SCANDALE DES COMMANDITES, VERSION 1980
Les référendums, peut-être encore plus que les élections, suscitent des chocs publicitaires frontaux.
En 1980, la nouvelle loi sur les consultations populaires est mise à l’épreuve pour la première fois de multiples manières.
La première est subliminale. En pleine campagne, le 7 mai, Le Journal souligne que le ministère de la Santé fédéral a commencé à diffuser une publicité contre l’abus d’alcool dont le message central est « “Non merci“... ça se dit bien ».
Or, l’expression « non merci » est aussi au centre de la campagne du camp du NON au référendum.
Le camp du OUI fulmine, surtout quand on l’informe qu’Ottawa a aussi inséré un feuillet sur son « dialogue sur l’alcool » avec le slogan « “Non merci“... ça se dit bien » dans l’enveloppe des allocations familiales et des pensions de vieillesse.

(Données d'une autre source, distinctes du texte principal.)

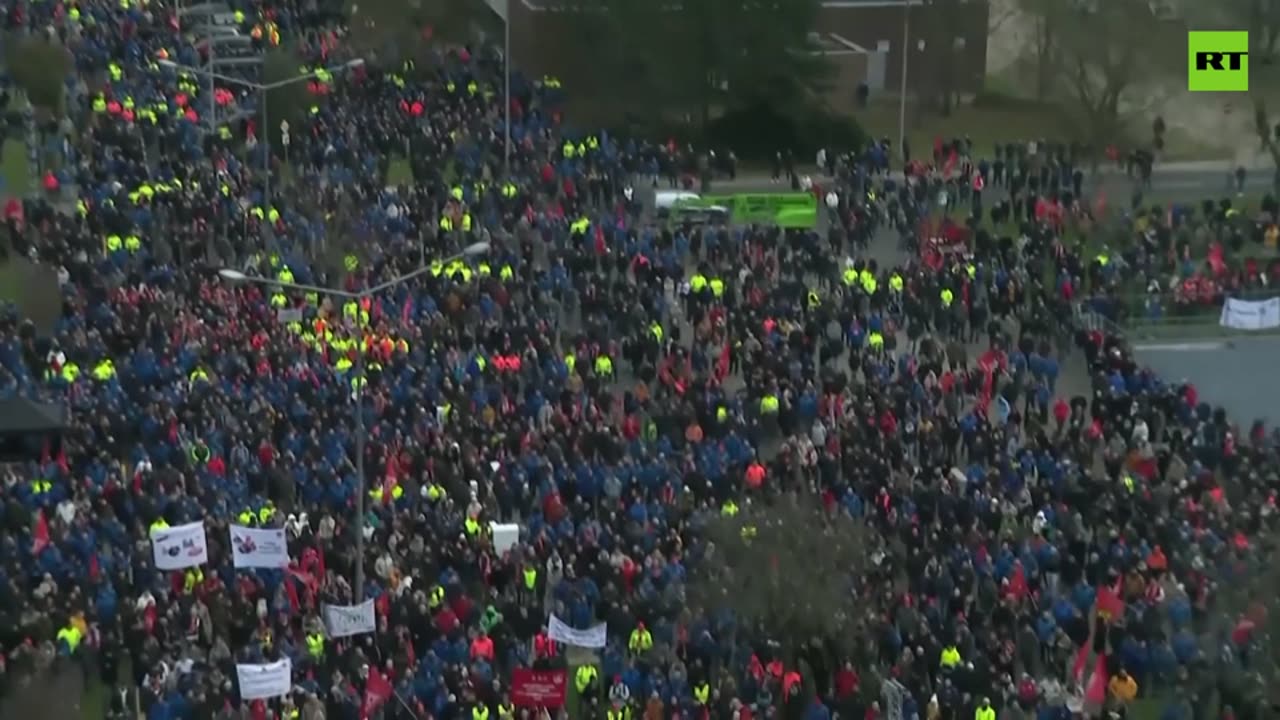 Volkswagen workers back home are striking over pay cuts and plant closures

Distribution qui a d’ailleurs été devancée pour que les Québécois reçoivent ces versements prétendument avant qu’une grève des postes soit déclenchée.
UNE « COÏNCIDENCE »
Santé Canada soutiendra quelques jours plus tard que l’emploi du terme « Non merci » était une « coïncidence », qu’il l’avait d’ailleurs déjà utilisé en 1978.

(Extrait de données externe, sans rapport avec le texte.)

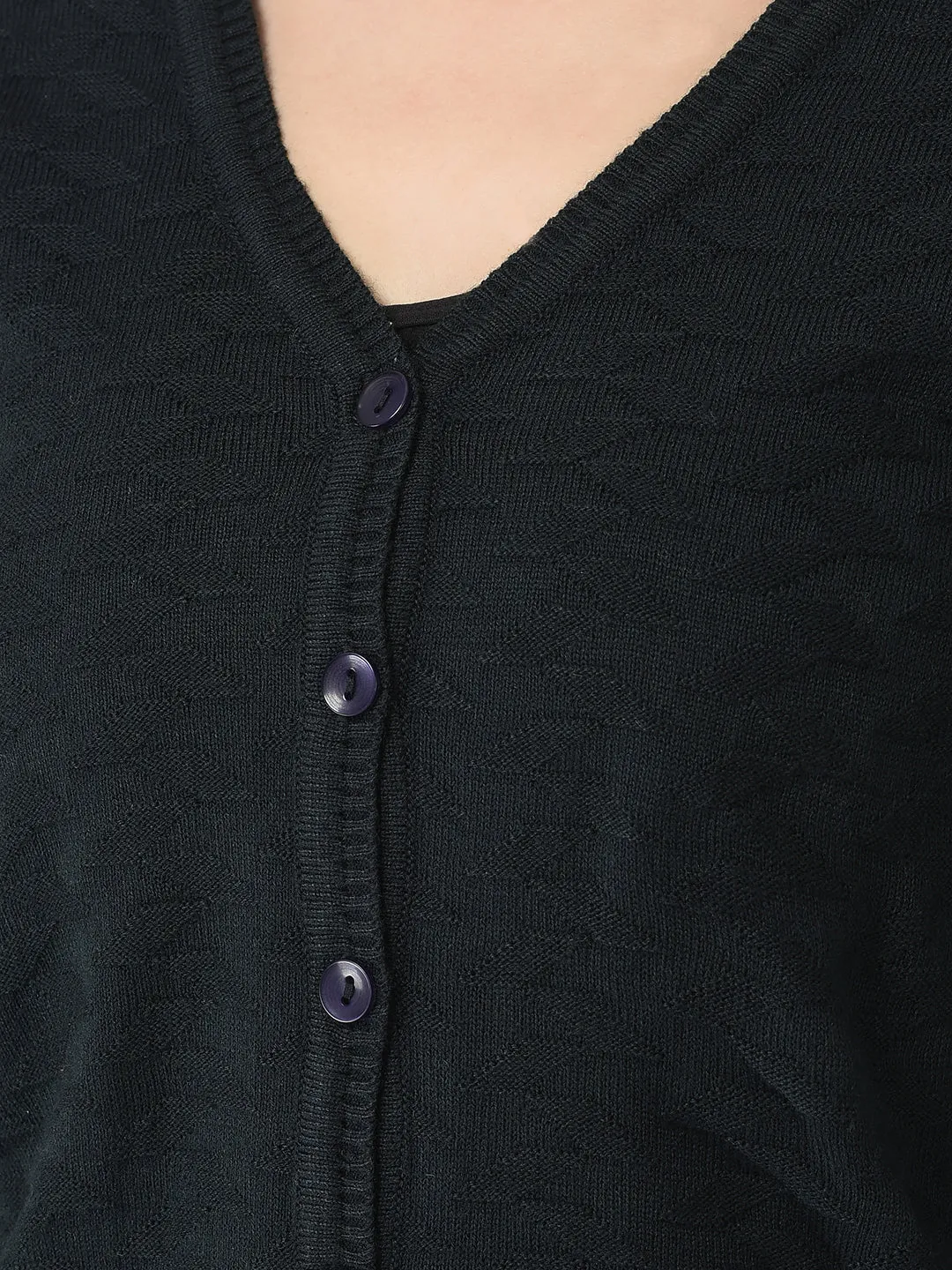 Navy Blue Printed Cardigan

Dans le camp fédéraliste, on reprochait au gouvernement Lévesque, depuis quelques années, de faire mousser le sentiment nationaliste avec ses slogans « Tout le monde s’attache au Québec » (pour encourager l’utilisation de la ceinture de sécurité) et « Au Québec, faut se tenir... en santé » (grande campagne sur la santé de la population), entre autres.

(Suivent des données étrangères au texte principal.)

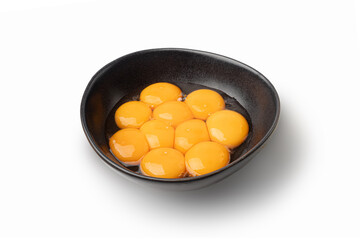 Egg Yolks in Bowl, Fresh Chicken Egg Yolk Separated from Whites for Cooking Recipe, Organic Yolks Top View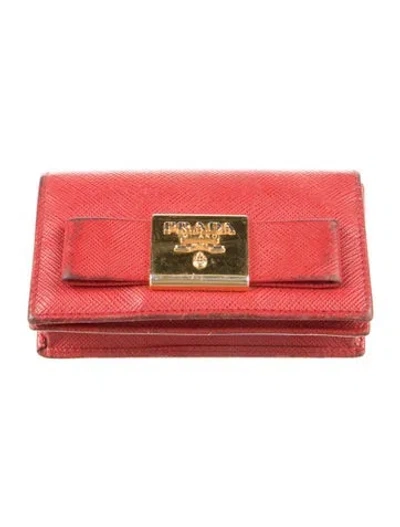 Pre-owned Prada Saffiano Cuir Leather Bifold Wallet In Red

Le 10 mai, René Lévesque annonce qu’une plainte sera déposé devant les tribunaux pour publicité illégale. Il dénonce des pubs radios et des épinglettes fédéralistes qui n’avaient pas été émis par le comité du NON mais par Ottawa.
« Le gouvernement fédéral devra répondre en cour à cette orgie de dépenses à même les fonds publics qui ne sont pas comptabilisées au budget du comité du NON », lance-t-il devant une assemblée de 1000 personnes à Shawinigan.
Finalement, un tribunal, le Conseil du référendum, tranchera le 16 mai et exposera une faille importante de la loi.
« Nulle loi ne peut avoir d’effet sur les droits de la Couronne à moins qu’il n’y soit expressément compris… ou encore à moins de l’avoir accepté. »
Autrement dit, les dépenses d’Ottawa « même si elles favorisent ou défavorisent directement ou indirectement une option soumise à la consultation populaire, ne peuvent être des dépenses réglementées».
DÉPENSES EN PUBLICITÉ
Douze ans plus tard, le politologue Robert Boily soutenait que le fédéral étant libre de dépenser sans compter, le principe d’« égalité de moyens » contenu dans la loi était bien théorique !
Combien le fédéral a-t-il dépensé en 1980 en publicité ? Difficile à dire, comme le notera le professeur Louis Massicotte, de l’Université Laval : le montant total a été estimé «successivement à 3, puis à 5 et [...] à 17,5 millions de dollars ».
Chose certaine, cela « excédait de loin les limites imposées à un comité national ». Un premier scandale des commandites, en somme.